The bassline in Them Changes might win our funkiest bassline award. You may know Thundercat’s basslines from his collaboration on Kendrick Lamar’s Grammy-winning album To Pimp a Butterfly, but his solo work is highly lauded in the music industry. His most recent album, It Is What It Is, got him a well-deserved Grammy award for the Best Progressive R&B album in 2018.
You might not think an electronic band would make it on this list, but Daft Punk isn’t your average electronic group. This French duo may put on the best, most over-the-top concerts in the world, and it’s not only due to outrageous production stunts.
The defining characteristic around which this momentous hit revolves is the bassline.

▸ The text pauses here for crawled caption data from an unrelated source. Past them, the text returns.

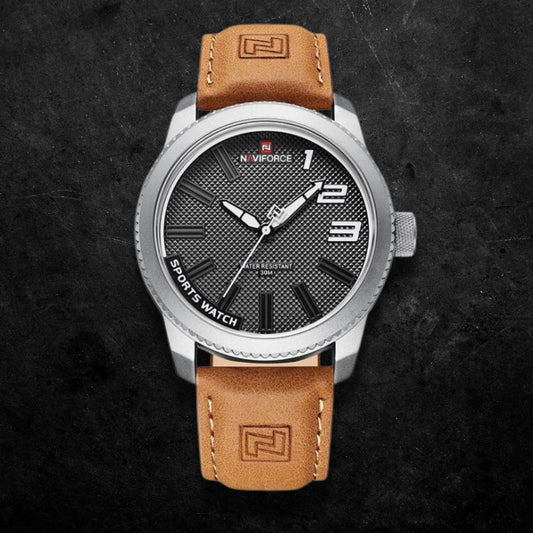 Military Sporty Shockproof Leather Watch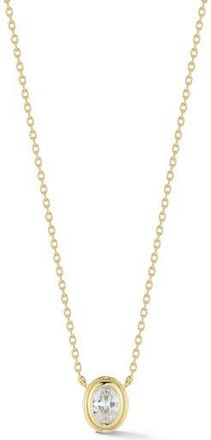 Glaze Jewelry Oval Cut Cubic Zirconia Pendant Necklace in Gold at Nordstrom Rack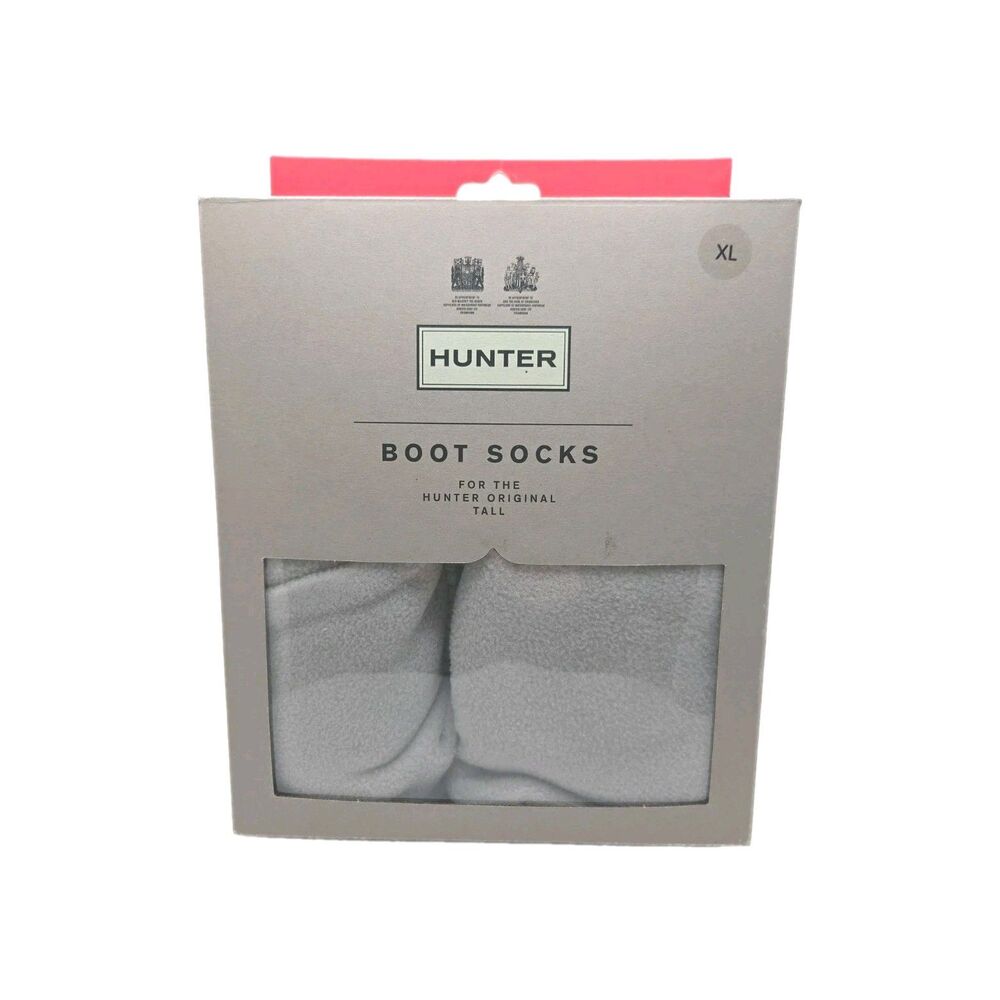 Hunter Boot Socks Greige Size XL Extra Large Grey Beige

The single lyric of “around the world” on repeat is a hypnotic mantra that underscores the bass’s funky melodic anchor that really gets listeners hooked.
Speaking of mesmerizing in the weirdest way possible, if you haven’t seen the music video for this song, drop everything and watch it!
It’s not a coincidence that we put Good Times by Chic right after Daft Punk’s Around the World pick on our list of bass-heavy songs because the two basslines are almost identical. You might not ever put the two together since the musical context of each song is completely different.
Still, if you want to do a musical analysis of basslines that span musical genres and cultural generations, play these two songs one after another. Funky basslines have far-reaching influences indeed.
This fine piece of instrumental funk from the New Orleans funk band The Meters has been covered by nearly 30 different bands since its release in 1969. The bassline in this song is one for the books, deeming The Meters, along with James Brown, as the originators of Funk music.
They don’t have very many other hits, but with a song like Cissy Strut, they don’t need any. It’s kind of hard to top this level of funky perfection.
Better known for being one of the greatest songwriters of all time, Paul Simon’s most popular solo work, Graceland, an album inspired by South African street music and American southern music genres like Zydeco, also has a truly unique bass element.
The song Graceland conveys all the musical influences Simon drew from to create this Grammy-winning album. The bassline is highly intricate, at times mirroring the riff of Simon’s guitar but also providing a steady river of background beat and rhythm that is really the foundation for all the other instruments and vocals.
Victor Wooten may be the greatest bass player of all time, and anyone who has ever touched a base admires and even idolizes this absolute bassmaster. His bass solos are other-worldly, and while he plays accompanied by other instruments, all anyone cares about is watching him play the bass.
It’s impossible to pick just one song that showcases Wooten’s incomparable talent, but this version of Amazing Grace on the bass chills me to the bone every time I listen to it. It’s sure to initiate your fall into the bottomless rabbit hole of Wooten’s musical repertoire that is as vast and varied as music itself.